Our primary goal in managing the review process itself is to ensure that it is as fair and as transparent as possible. To help ensure this, we allocate four reviewers to every paper and we guarantee that all papers will receive at least three reviews. One of the four reviewers will be a TC member and once all the reviews are complete, the TC member conducts a meta-review of each paper assigned to him or her. When all of the reviewers agree, this meta-review will simply record the consensus opinion. However, when there is disagreement or the paper is on the borderline, the TC member will examine each of the reviews carefully and weigh the evidence provided by the reviewers to support the scores they gave. After weighing the evidence, the TC member makes a firm recommendation either one way or the other. By this process we hope to avoid papers being rejected because a reviewer misunderstood the paper or did not read it properly.
The final stage of the process is to make the accept/reject decisions and allocate the accepted papers to sessions. Not surprisingly, this typically requires quite a few iterations to get right. However, eventually the programme is finalised and the results are announced to the authors. At this point, the Area Chairs will breath a huge sigh of relief.

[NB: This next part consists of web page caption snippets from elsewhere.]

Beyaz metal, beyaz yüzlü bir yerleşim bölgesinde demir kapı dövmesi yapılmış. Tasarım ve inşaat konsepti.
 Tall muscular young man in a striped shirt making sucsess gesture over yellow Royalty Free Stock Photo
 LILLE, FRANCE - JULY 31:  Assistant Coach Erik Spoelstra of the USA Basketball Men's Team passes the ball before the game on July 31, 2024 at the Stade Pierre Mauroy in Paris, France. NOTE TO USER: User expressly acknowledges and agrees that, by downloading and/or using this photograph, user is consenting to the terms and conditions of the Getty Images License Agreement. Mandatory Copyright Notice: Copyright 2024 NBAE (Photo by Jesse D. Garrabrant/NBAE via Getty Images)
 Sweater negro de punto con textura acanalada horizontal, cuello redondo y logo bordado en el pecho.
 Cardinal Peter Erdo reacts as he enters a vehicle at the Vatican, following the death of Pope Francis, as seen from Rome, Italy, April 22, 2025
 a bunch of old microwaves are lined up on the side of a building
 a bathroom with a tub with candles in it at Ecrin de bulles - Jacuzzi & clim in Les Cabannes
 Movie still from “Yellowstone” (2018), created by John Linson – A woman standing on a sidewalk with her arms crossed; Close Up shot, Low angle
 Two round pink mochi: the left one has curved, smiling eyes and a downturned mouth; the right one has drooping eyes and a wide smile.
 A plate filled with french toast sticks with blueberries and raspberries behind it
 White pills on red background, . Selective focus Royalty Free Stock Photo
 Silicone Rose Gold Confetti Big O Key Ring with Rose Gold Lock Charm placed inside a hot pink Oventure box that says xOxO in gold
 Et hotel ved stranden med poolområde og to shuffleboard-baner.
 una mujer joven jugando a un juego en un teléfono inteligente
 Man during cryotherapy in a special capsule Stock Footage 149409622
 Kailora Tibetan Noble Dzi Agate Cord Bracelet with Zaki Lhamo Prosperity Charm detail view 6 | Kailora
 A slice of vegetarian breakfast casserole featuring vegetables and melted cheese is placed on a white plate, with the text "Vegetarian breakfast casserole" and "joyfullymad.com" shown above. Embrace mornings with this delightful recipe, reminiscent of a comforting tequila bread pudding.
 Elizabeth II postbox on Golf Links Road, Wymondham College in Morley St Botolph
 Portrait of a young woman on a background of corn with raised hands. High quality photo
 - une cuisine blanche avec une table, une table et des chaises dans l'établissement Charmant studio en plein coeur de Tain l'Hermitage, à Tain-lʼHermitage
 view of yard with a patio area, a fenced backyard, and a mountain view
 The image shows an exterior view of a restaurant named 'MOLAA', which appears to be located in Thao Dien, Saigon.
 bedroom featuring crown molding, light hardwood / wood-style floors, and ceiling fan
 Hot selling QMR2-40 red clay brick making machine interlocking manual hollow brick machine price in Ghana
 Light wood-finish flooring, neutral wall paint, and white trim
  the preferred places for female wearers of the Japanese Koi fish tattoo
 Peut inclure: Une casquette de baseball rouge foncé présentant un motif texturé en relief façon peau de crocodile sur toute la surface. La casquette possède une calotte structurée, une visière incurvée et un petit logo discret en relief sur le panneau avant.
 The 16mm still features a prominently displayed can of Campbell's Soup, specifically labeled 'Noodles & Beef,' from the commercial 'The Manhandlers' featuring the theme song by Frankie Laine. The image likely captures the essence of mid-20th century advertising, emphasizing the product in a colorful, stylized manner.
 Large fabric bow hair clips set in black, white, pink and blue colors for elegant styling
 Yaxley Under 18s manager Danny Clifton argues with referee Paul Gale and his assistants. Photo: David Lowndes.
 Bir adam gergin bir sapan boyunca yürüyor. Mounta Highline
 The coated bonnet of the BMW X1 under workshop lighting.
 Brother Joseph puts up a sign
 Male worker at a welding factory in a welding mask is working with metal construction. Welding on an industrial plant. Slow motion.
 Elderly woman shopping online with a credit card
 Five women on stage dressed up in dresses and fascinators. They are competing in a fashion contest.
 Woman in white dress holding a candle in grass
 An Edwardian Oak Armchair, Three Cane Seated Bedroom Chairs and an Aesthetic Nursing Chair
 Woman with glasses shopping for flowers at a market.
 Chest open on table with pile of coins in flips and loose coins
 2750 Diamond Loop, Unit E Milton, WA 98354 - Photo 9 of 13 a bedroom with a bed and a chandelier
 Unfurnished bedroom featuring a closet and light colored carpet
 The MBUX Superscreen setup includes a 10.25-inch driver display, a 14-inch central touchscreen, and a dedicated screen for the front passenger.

The ICASSP review process is hard work for all of the TCs, but it is especially so for our TC simply because we have the most papers. Over 20% of all papers submitted to ICASSP are in the speech and language area. This year the TC members and our panel of reviewers will together conduct over 2,500 reviews, and TC members will then conduct more than 600 meta-reviews. Guiding all of this will be the Area Chairs: Pascale Fung, TJ Hazen, Thomas Hain and Brian Kingsbury. The Area Chairs are the unsung heroes of ICASSP - they work really hard for many weeks to keep the process on track and on schedule. So I would like to end by thanking in advance all of the volunteers who will contribute their time and expertise to the ICASSP review process and especially the Area Chairs on whom the process so crucially depends.
Steve Young is Chair of the Speech and Language Processing Technical Committee of the IEEE Signal Processing Society.